Tesla wants to show North Carolinians just what these jokers are blocking, so they parked a car right outside the legislature building in Raleigh – and invited the jerks therein for a test ride. Responses were depressingly predictable:

Rep. Mitchell Setzer, R-Catawba, passed by as the boys were gushing over the car. He said the Model S looks impressive, but he’s not sure he can handle it.

“It’s a beautiful car, but I have enough trouble with the iPad. It’s like something out of ‘The Jetsons.’ Y’all don’t know ‘The Jetsons,'” he said, addressing the pages about the 1960s futuristic cartoon show. “I’m dating myself here.”

Translated as (envision Jon Stewart’s Dick Cheney impression): “wah, get off my lawn, wah!” Great work electing luddites to govern a state whose economy lives or dies based on high tech industries, you guys.

Even better, Sen. Ellie Kinnaird, an apologist for the protectionist legislation who voted yes in the Senate (who happens to be a Democrat, so you Democrats out there can stop patting yourselves on the shoulders right now) tells it like it is:

“Dealerships are one of those basic industries that are the roots of a small town,” she said. “The model convinced me that, while this is visionary, the reality is it has to evolve to a local presence.”

So, now it’s Big Government arbitrarily picking economic winners and losers based on “tradition.” At least as a Democrat she’s honest about this agenda – the GOP can’t even be bothered to come up with any kind of rationale to make this fit its “pro-free market” rhetoric.

There’s a lively discussion over at /r/triangle, complete with a photo shoot.

Construction on West Main St. bridge (near Duke) falls behind schedule

Duke Today reports that the scheduled demolition of the bridge near East Campus is already delayed. Initially scheduled for demo to begin next week and be completed by mid June, now demolition is expected to start on June 3 and the scheduled completion date is pushed back a week to June 21. This is most relevant to people using Duke’s bus systems, as it skews all of the dates for route changes they’ve published on their site; specifically, this schedule’s dates are now off by a week.

Main St. itself is already closed for the construction project, which is supposed to be completed by late September.

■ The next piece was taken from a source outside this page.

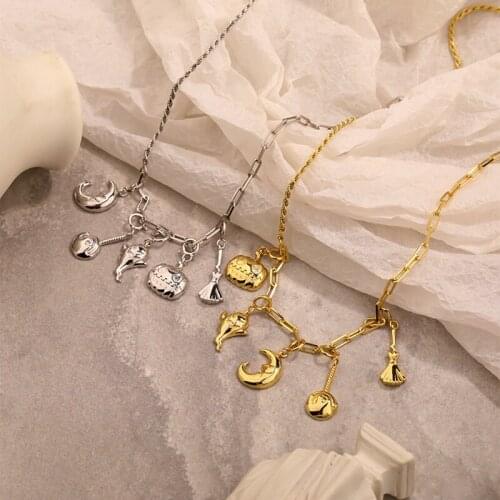 Amaiyllis 925 Sterling Silver Light Luxury Halloween Charms Jewelry Accessories For Family DIY Bracelet Necklace Pendant Gift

In the current phase of the project, Campus Drive is remaining open to traffic (but man, you probably don’t want to drive on it due to Duke’s other construction projects) as workers prepare for the bridge demo. When the bridge itself actually comes down, Campus Drive will be closed as well, and buses will use alternate routes including Maxwell St.

No word yet on whether this delay is expected to cause the project to miss its initially scheduled completion deadline.

Liberty Warehouse loses landmark status

In a move that should probably not surprise anybody, the Council voted 6-0 last night to strip Liberty Warehouse of its local landmark status.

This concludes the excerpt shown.